Massachusetts Gov. Charlie Baker has called on the state's U.S. Attorney to focus on the opioid crisis instead of cannabis, after new fears of federal prosecution caused a payment processor to back out of servicing the state's medical marijuana dispensaries.
Earlier this week, U.S. Attorney Andrew Lelling released a statement saying that he could not "provide assurances that certain categories of participants in the state-level marijuana trade will be immune from federal prosecution." This statement set off a shockwave of concern throughout the state's growing cannabis industry, which is in the midst of preparations for legal recreational sales slated to begin in July.
Access to banking has been an ongoing struggle for canna-businesses in the U.S., as federal laws prohibit banks from handling funds associated with federally-prohibited drugs. Some financial institutions have still been willing to take the risk of dealing with the cannabis industry, thanks in part to the Cole Memo, an Obama-era policy that advised the Justice Department not to interfere with banks that service state-legal adult-use cannabis companies. Attorney General Jeff Sessions rescinded the Cole Memo on January 4th, opening up the possibility of federal prosecution for anyone even tangentially involved in the cannabis industry.

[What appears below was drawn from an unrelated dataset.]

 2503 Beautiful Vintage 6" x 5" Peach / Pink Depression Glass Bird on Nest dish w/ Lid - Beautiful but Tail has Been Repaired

This Tuesday, Florida-based Merchant Services Consulting Group, which had been handling debit card payments for the majority of Massachusetts' medical marijuana dispensaries, announced that they would stop servicing these businesses. As a result, at least ten dispensaries will be forced to abruptly switch to cash-only transactions. "It was very abrupt and very frustrating," Keith Cooper, head of the Revolutionary Clinics dispensary, said to the Boston Globe. Cooper said that a representative from the payment processing company called to inform him that Lelling's statement convinced them that it was "too risky to continue" servicing Massachusetts canna-businesses.
The unexpected decision has left most of the state's dispensaries scrambling to consider payment alternatives. Nick Friedman, president of Theory Wellness, another dispensary that was dropped by Merchant Services, told the Berkshire Eagle that his company would reimburse customers for ATM fees in order to "help support patients during this period of transition."

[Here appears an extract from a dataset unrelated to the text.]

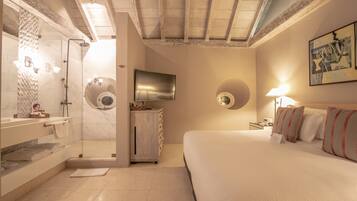 Egyptian cotton sheets, premium bedding, down duvets, minibar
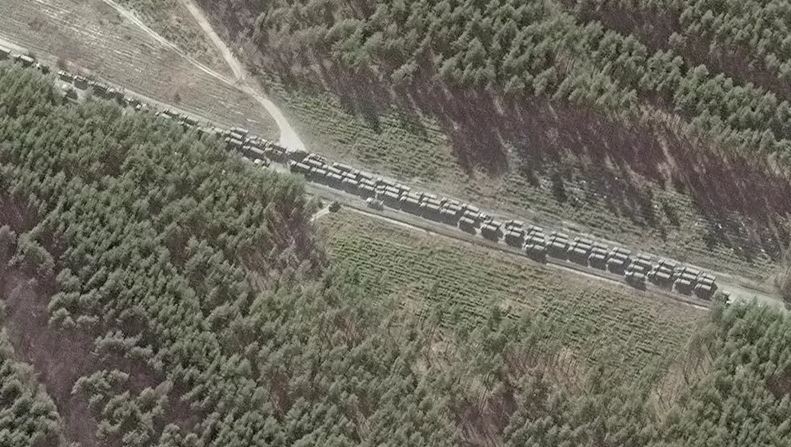 Umurongo w'imodoka z'Uburusiya ureshya na 65 KM werekeje muri Ukraine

The payment company's decision may also have a chilling effect on startups that have been considering opening retail establishments in the state, as trying to run a cash-only business is a risky and difficult endeavor.
In a press conference this Wednesday, Baker said that "the big message to the U.S. Attorney's office should be: If you have limited resources, let's focus on the thing that's killing people every day here in the commonwealth, which is street drugs and fentanyl," the Boston Herald reports. Baker added that he hadn't seen "any legitimate evidence" that cannabis is contributing to the opioid crisis. U.S. Senator Elizabeth Warren also voiced her support of her home state's right to legalize marijuana: "States have the right to enforce their own marijuana policies," she tweeted. "I'm working on legislation to make sure it stays that way."

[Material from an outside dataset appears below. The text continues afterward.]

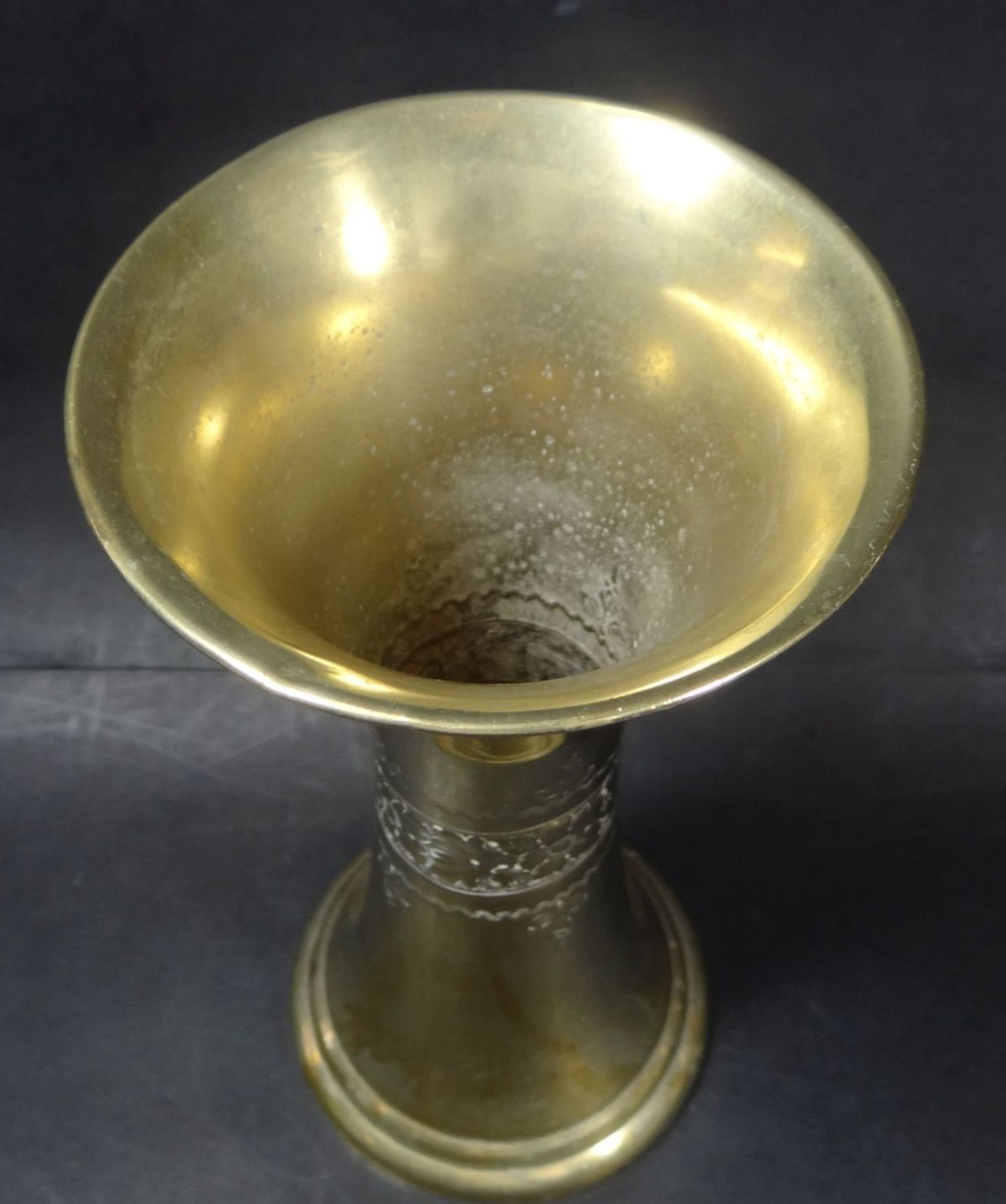Messing-Vase, ehemals versilbert, H-17 cm- - -22.61 % buyer's premium on the hammer priceVAT - Bild 4 aus 4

Steve Hoffman, chair of the Massachusetts Cannabis Control Commission, said that the board would continue to draft regulations for legal retail sales, undeterred by threats of federal intervention. "I understand that all investors are going to make risk-vs.-reward calculations, as I would if I were in their shoes," Hoffman said to the Boston Herald. "Our job has been very difficult all along. We have a lot to do in a very short period of time. That hasn't changed."